Remember one thing, the engineer is responsible for the fire, even if he does not make it. He must therefore know when a fire is good and when it is bad, why and what to do.
We shall, however, describe two styles of fire, the thoroughly bad and the thoroughly good. All intermediate grades every man must learn for himself.
How To Build a Bad Fire.
Pile your coal up in the shape of a cone, by shoveling all the coal into the middle of the fire box, and putting as little on the sides as you possibly can.
Such a fire possesses the following characteristics: Uncertainty as regards steam making, positive certainty as regards the destruction of fire boxes and tubes.

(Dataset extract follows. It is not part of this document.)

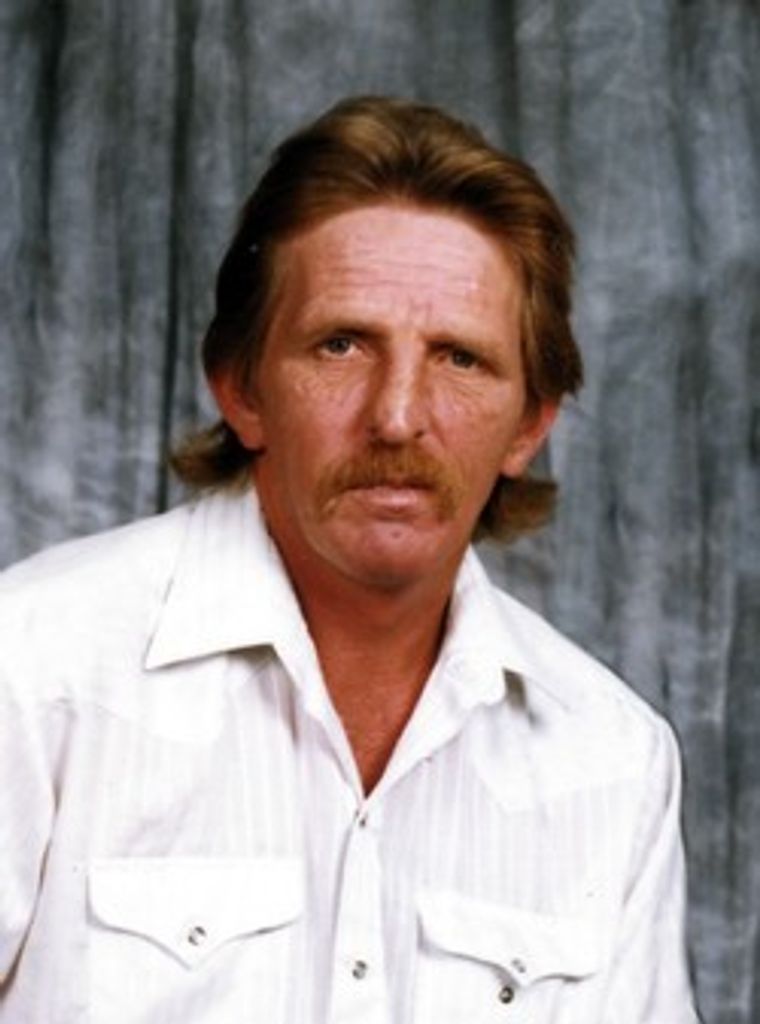 Robert "Bob" Salsgiver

It generally draws air at the walls of the fire-box, and in consequence, the fire-irons are always in the fire, knocking it about and wasting the fuel.

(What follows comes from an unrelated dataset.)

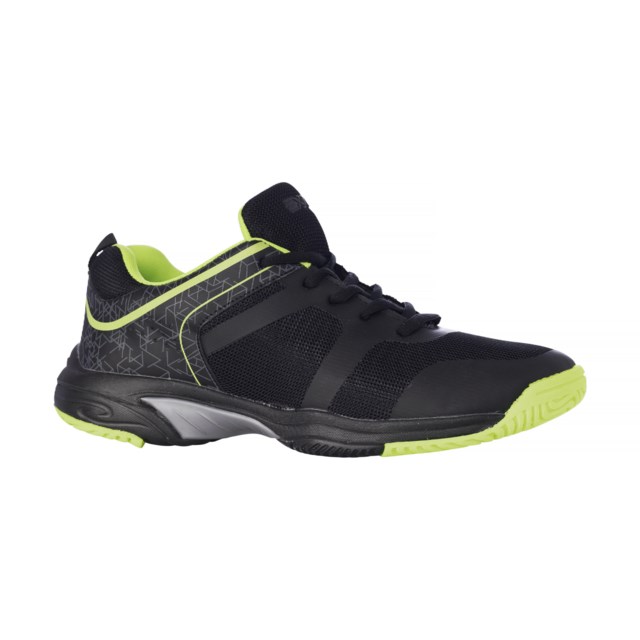 Jogelia sko Black / Lime - 1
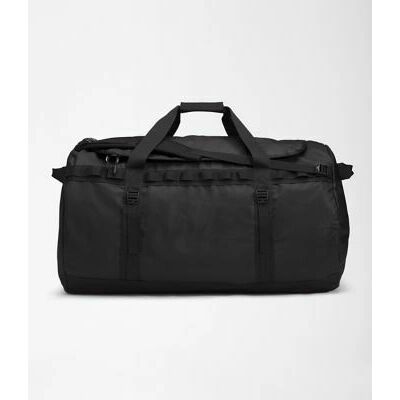 The North Face Base Camp Duffel XL (52SC) - tnf NEGRO/tnf BLANCO The North Face Base Camp Duffel XL (52SC) - tnf NEGRO/tnf BLANCO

As such fires are found in the center of the grate, they weigh down the bars and burn them out in the middle in short order. Lastly, the cold air being admitted into the fire-box up the sides instead of in the middle, comes in direct contact with the heated plates and stays, doing them a great deal of damage by causing contraction and expansion.
Take the best engine ever built and let an engineer run it awhile with these "haycock" fires, as they are called—and many do it—you will be sure to find the boiler subject to sudden leakage, either in the joints of the plates or in the stays, the tubes, or the foundation ring. Such engines are always in the repair shop, and because of bad firing and nothing else.
How to Build a Good Fire.
The good locomotive fire should maintain steam under all circumstances of load or weather, should consume its own smoke, should burn up every particle of good matter in the coal, or, in other words, capable of being worked to the highest point of economy.
Such a fire requires to be made at the beginning, and maintained in a form almost resembling the inside of a saucer, shallow and concave, with its thinnest part in the center.